BEVORRATUNG

Sagt mal Mädels, ist das bei euch eigentlich auch so, wenn ihr den Mann fragt, was man abends kochen könne bzw. was einzukaufen sei? Jo’s erste Frage lautet immer: „Haben wir noch Milch?“ Auf die Antwort : „Yep, 1 bis 2 Tüten!“ kommt garantiert: „Ich bring sicherheitshalber noch was mit!“ Sicherheitshalber?

Was soll denn passieren, mitten in der Stadt, fußläufig 15m vom nächsten Büdchen entfernt? Mittlerweile horten wir Milchvorräte, die uns locker durch den nächsten harten Winter bringen 😉

Ich will nicht klagen, denn ich finde es natürlich gut, dass die Kerls uns das Schleppen von schweren oder unhandlichen Gegenständen abnehmen. So ’ne Lage Milch kommt locker auf 10 Kilo. Ein Kasten Wasser oder eine Palette Dosenbier entsprechend. Aber ich glaube, es ist nicht allein Ritterlichkeit, die hier den Ausschlag gibt. Das ist Bequemlichkeit!

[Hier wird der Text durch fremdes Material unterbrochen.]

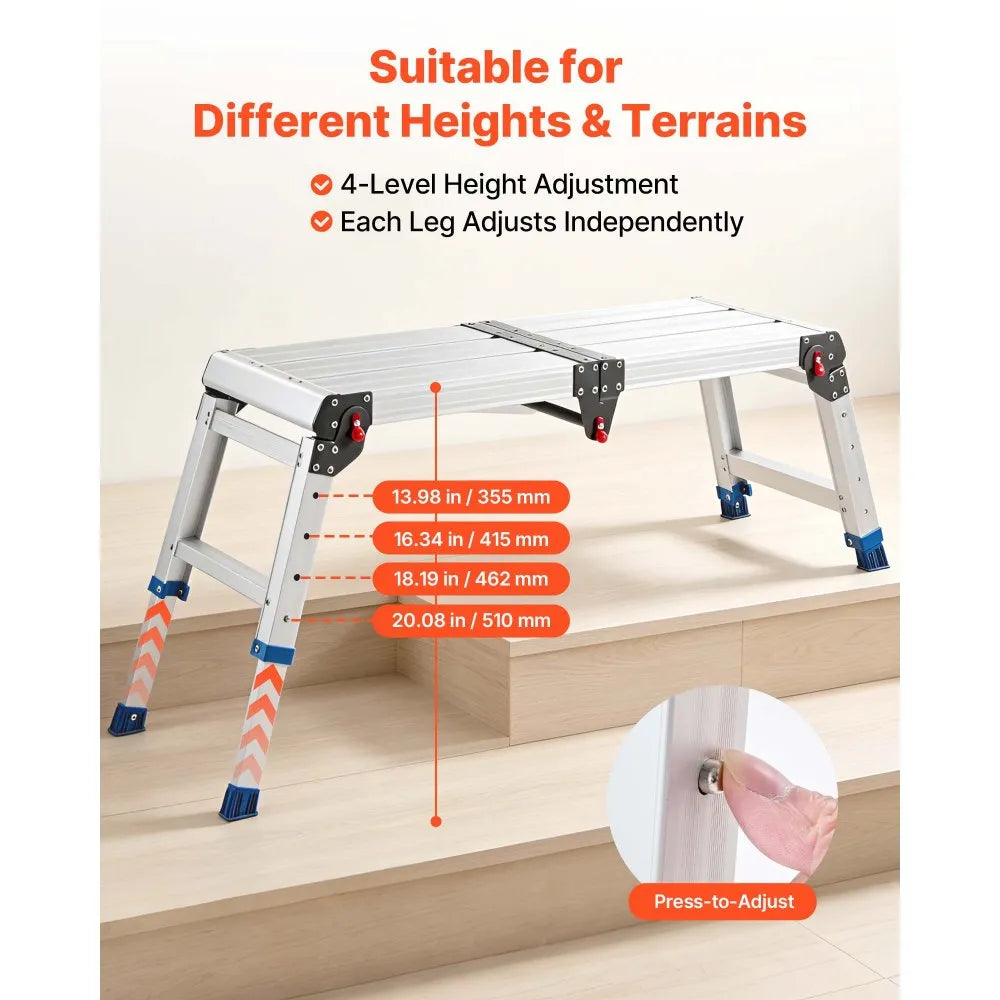 Folding Work Platform – Adjustable Height Aluminum Step Stool & Portable Work Bench, 500 lb Capacity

Toilettenpapier, Milch, Wasser, Dosenbier! Der 4-Elemente-Großeinkauf zur Befriedigung ALLER männlichen Bevorratungsgelüste. Damit ist der Sorgfaltspflicht gegenüber kreativer Haushaltsführung genüge getan! Was darüber hinaus geht, ist Kür und obliegt ganz der weiblichen Phantasie.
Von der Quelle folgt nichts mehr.